R/WTsmth_nFold_CV.R

Defines functions cvfit_WTSMTH

Documented in cvfit_WTSMTH

#' Penalized Regression with Lasso and Weighted Fusion Penalties with Cross-Validation
#' 
#' Uses n-fold cross-validation (CV) to fit a penalized regression model with Lasso 
#' penalty and weighted fusion penalty. Return the loss of all pair of tuning parameters, 
#' find the best pair of tuning parameters with the lowest loss, and estimate the regression coefficient.  
#' The CV process fine-tunes the tuning parameters required for the penalty terms
#' and find the pair of lambda_1 and lambda_2 that minimizes the average validation loss.
#' 
#'   
#' @param data An object of class "WTsmth.data" as generated by prep()
#' @param lambda1 A numeric vector. Lambda_1 values to be considered that controls the Lasso penalty. 
#' Provided values will be transformed to 2^(lambda1). The default value is c(-8:0).
#' The user can customize the range and step_size of the candidate tuning parameters
#' In most cases, the user will need to run the function more than one time to 
#' adjust the range and step_size of tuning parameters
#' to locate to a reasonable range according to the `Loss` and `selected.lambda` 
#' from the previous round of model fitting 
#' @param lambda2 A numeric vector. Lambda_2 values to be considered that controls
#'  the weighted fusion penalty.
#' Provided values will be transformed to 2^(lambda2). 
#' The default value is c(-8:8).
#' The user can customize the range and step_size of the candidate tuning parameters
#' In most cases, the user will need to run the function more than one time to 
#' adjust the range and step_size of tuning parameters
#' to locate to a reasonable range according to the `Loss` and `selected.lambda`
#'  from the previous round of model fitting.
#' @param weight A character. The type of weighting. Must be one of 
#'   (`eql`, `keql`, `wcs`, `kwcs`, `wif`, `kwif`), which indicates the
#'   equal weight, K x equal weight, Cosine similarity, K x cosine similarity, 
#'   inverse frequency, and K x inverse frequency respectively, where K is the number of
#'   individuals in each CNV active region. 
#'   `eql` and `keql` gives equal weight to adjacent CNVs.
#'    `wcs` and `kwcs` allow similar CNV fragments to have more similar effect size. 
#'    `wif` and `kwif` will encourage CNV with lower frequency to borrow 
#'   information from nearby more frequent CNV fragments.
#'   Considering that CNVs usually present in some CNV-active regions and there are
#'    large regions in between with no CNV at all. K will describe the number of individuals 
#'    having any CNV activities in a CNV-active region, and varying the weight according 
#'    to the sample size across regions. 

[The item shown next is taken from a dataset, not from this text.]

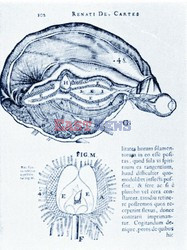 Science Source December 28, 2009 DVD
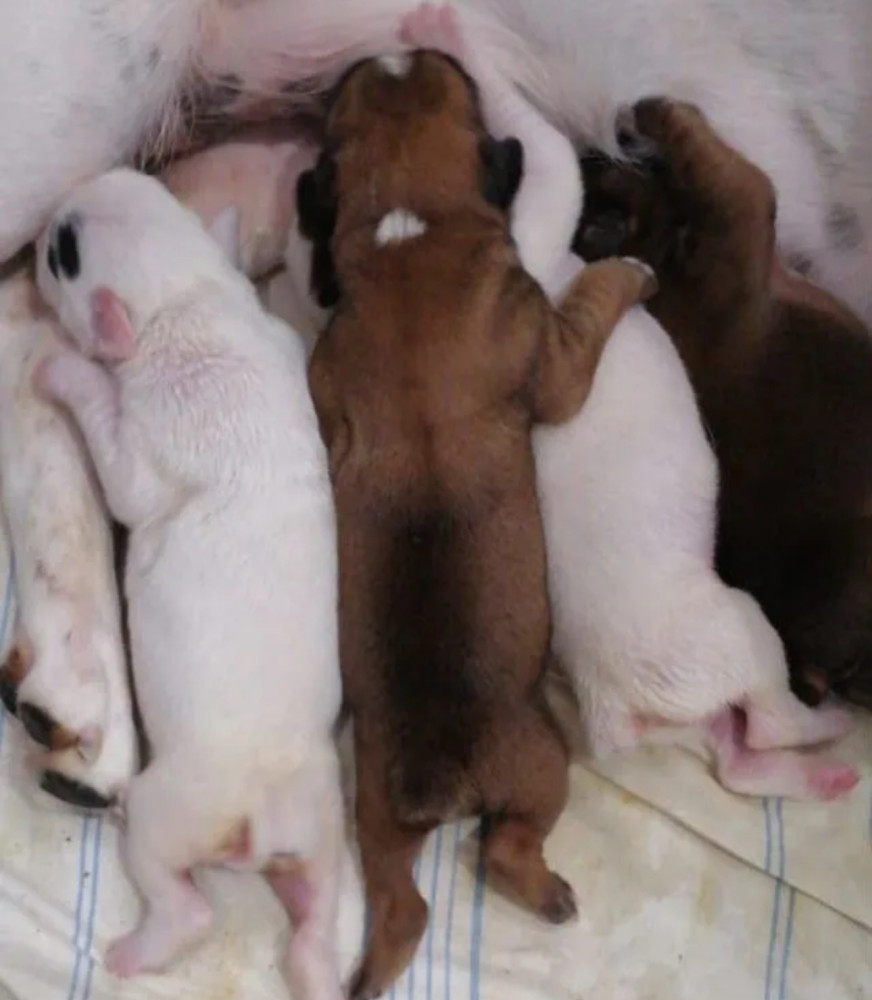 Boxer Puppies for Sale in Texas (TX)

#' @param family A character. The family of the outcome. Must be one of
#'   "gaussian" (Y is continuous) or "binomial" (Y is binary).
#' @param cv.control A list object. Allows user to control cross-validation
#'   procedure. Allowed elements are `n.fold`, the number of cross-validation
#'   folds with a default value of 5, depends on the sample size, 
#'   it can be chosen to have other folds (such as 3, 10); 
#'   `n.core` is the number of cores to use in procedure, 
#'   check available computation resource before choosing;
#'    and `stratified`, if TRUE and `family` = "binomial", the folds will be
#'   stratified within each category of Y (this option is recommended if either
#'    category of the outcome is "rare".)

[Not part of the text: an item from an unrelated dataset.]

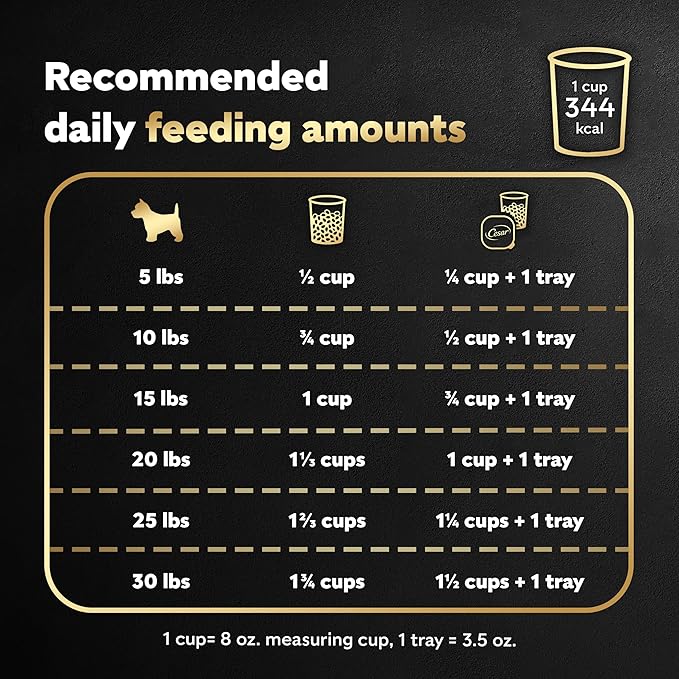 Cesar Small Breed Dry Dog Food for Small Dogs Rotisserie Chicken Flavor and Spring Vegetables Garnish, 2.7 lb Bag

#' @param iter.control A list object. Allows the user to control iteratively
#'   update procedure. Allowed elements are `max.iter`, the maximum number
#'   of iterations, it guarantees the function returns results within reasonable time;
#'  `tol.beta` is the threshold below which the procedure is deemed converged, 
#'   which controls the absolute difference between consecutive beta updates.

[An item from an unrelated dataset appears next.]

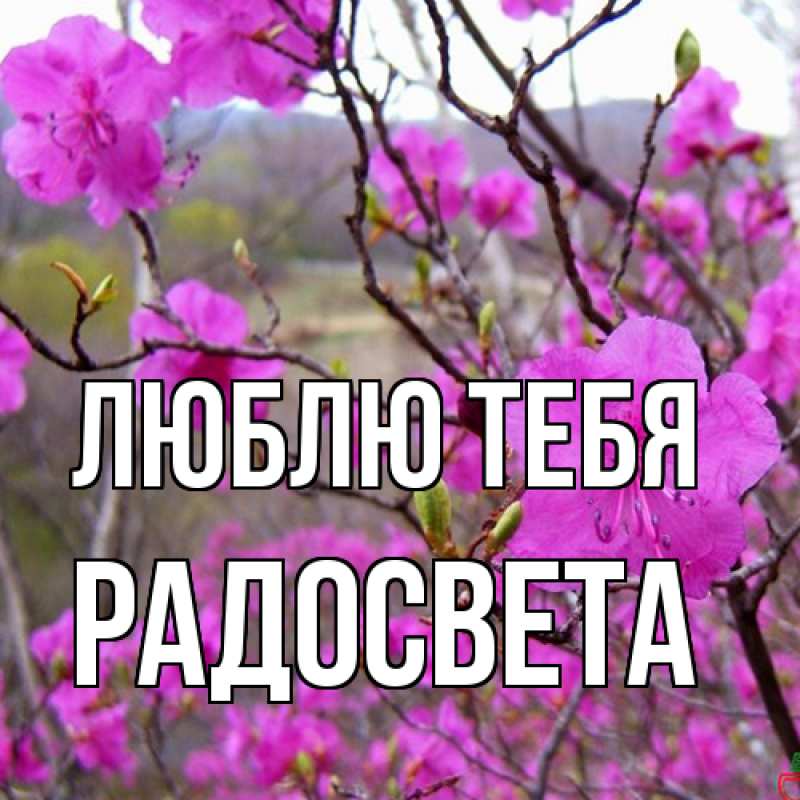 Картинка Люблю тебя, Радосвета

#'   `tol.loss` is the threshold  below which the procedure
#'   is deemed converged, which controls the difference in consecutive loss updates.
#'
#' @param verbose A logical object. If `TRUE`, print progression updates. 
#'
#' @returns A list containing 
#' 1. `Loss`: The average loss of the validation set for all pairs of candidate tuning parameters, 
#' the smaller the loss, the better performance of the corresponding pair of parameters. 
#' 2. `selected.lambda` :The selected tuning parameter values that minimized the loss. 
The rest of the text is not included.